Requirement:
Would you retype the whole listing verbatim, keeping pictures out of it?

Task material:
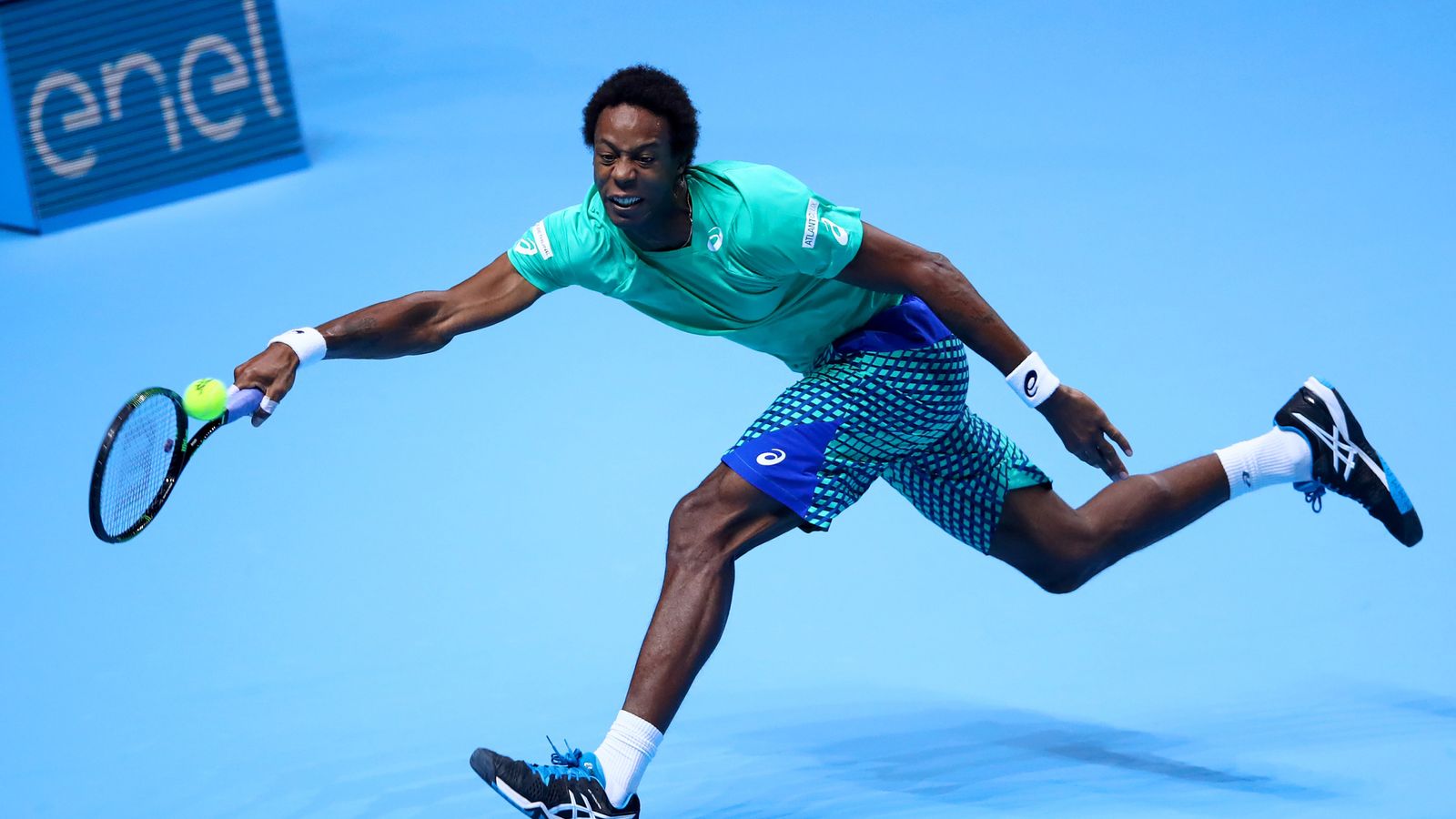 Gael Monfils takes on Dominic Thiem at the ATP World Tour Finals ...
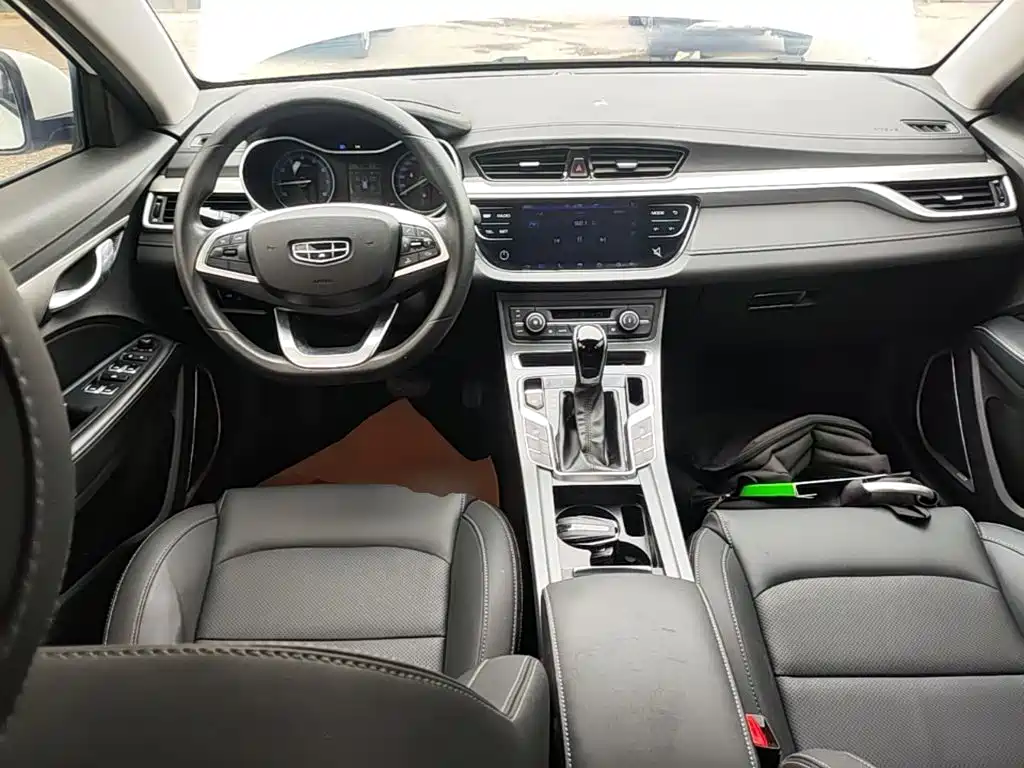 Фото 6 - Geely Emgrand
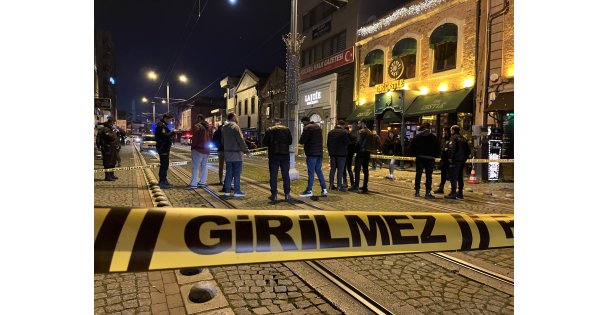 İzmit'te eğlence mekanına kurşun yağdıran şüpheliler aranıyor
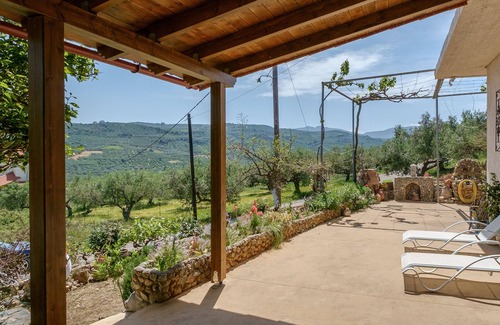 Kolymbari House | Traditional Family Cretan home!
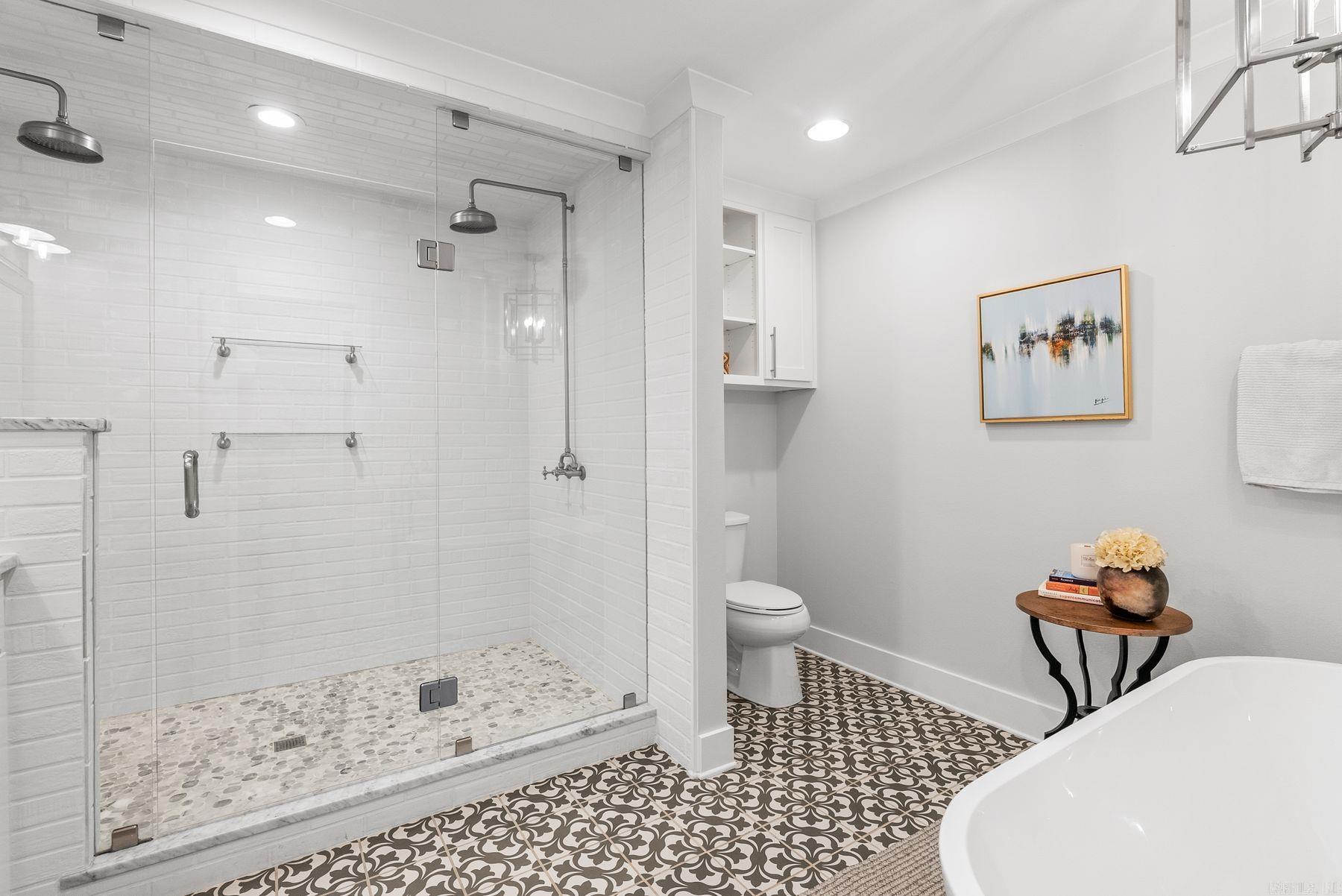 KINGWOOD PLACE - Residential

Task result:
 Gael Monfils takes on Dominic Thiem at the ATP World Tour Finals ...
 Фото 6 - Geely Emgrand
 İzmit'te eğlence mekanına kurşun yağdıran şüpheliler aranıyor
 Kolymbari House | Traditional Family Cretan home!
 KINGWOOD PLACE - Residential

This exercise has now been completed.